Data excerpt:
##########

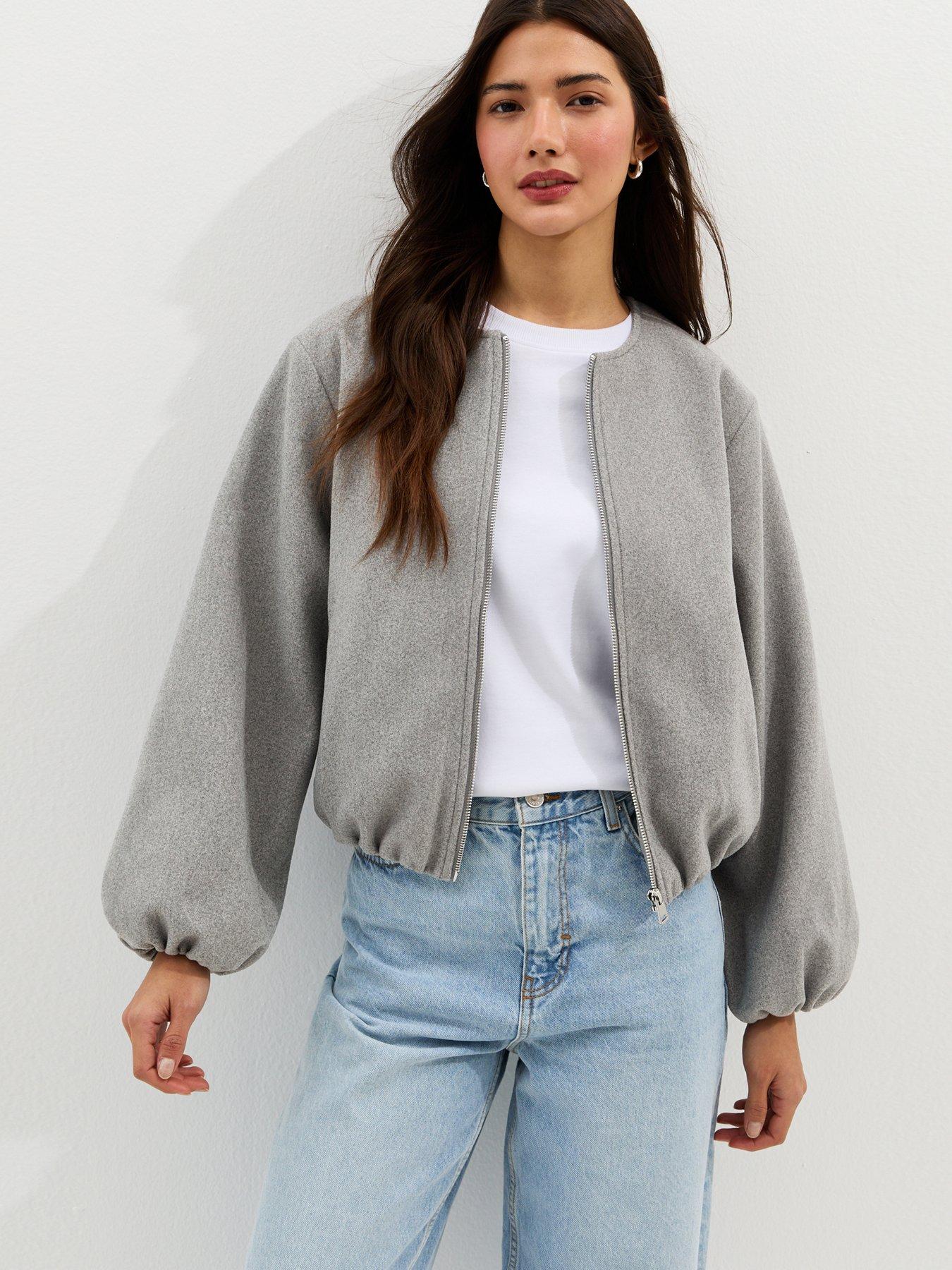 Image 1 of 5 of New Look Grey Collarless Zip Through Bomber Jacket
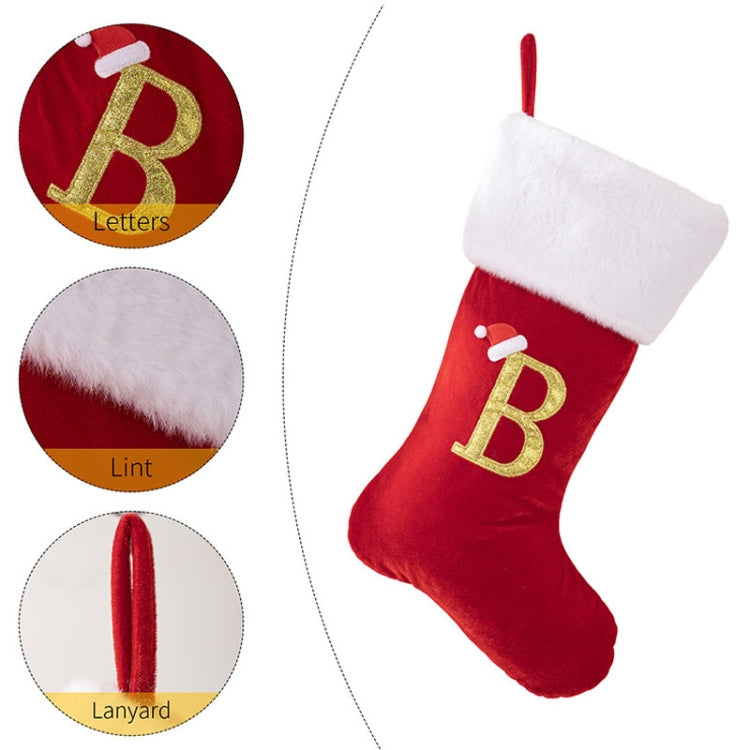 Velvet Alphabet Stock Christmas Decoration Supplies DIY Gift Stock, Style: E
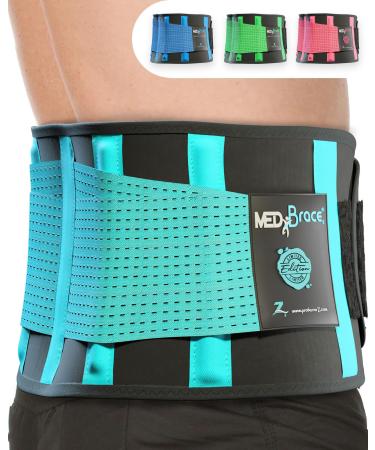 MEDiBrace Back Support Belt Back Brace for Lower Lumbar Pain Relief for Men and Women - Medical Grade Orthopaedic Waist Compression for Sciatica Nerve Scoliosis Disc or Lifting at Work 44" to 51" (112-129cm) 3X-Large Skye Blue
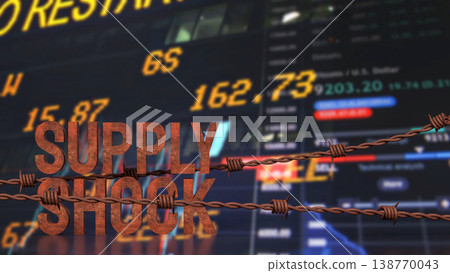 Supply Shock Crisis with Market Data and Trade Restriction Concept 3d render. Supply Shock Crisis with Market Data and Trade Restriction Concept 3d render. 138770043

##########

Where the data contains an image, skip the image and copy everything else exactly as it appears.

Written reply:
 Image 1 of 5 of New Look Grey Collarless Zip Through Bomber Jacket
 Velvet Alphabet Stock Christmas Decoration Supplies DIY Gift Stock, Style: E
 MEDiBrace Back Support Belt Back Brace for Lower Lumbar Pain Relief for Men and Women - Medical Grade Orthopaedic Waist Compression for Sciatica Nerve Scoliosis Disc or Lifting at Work 44" to 51" (112-129cm) 3X-Large Skye Blue
 Supply Shock Crisis with Market Data and Trade Restriction Concept 3d render. Supply Shock Crisis with Market Data and Trade Restriction Concept 3d render. 138770043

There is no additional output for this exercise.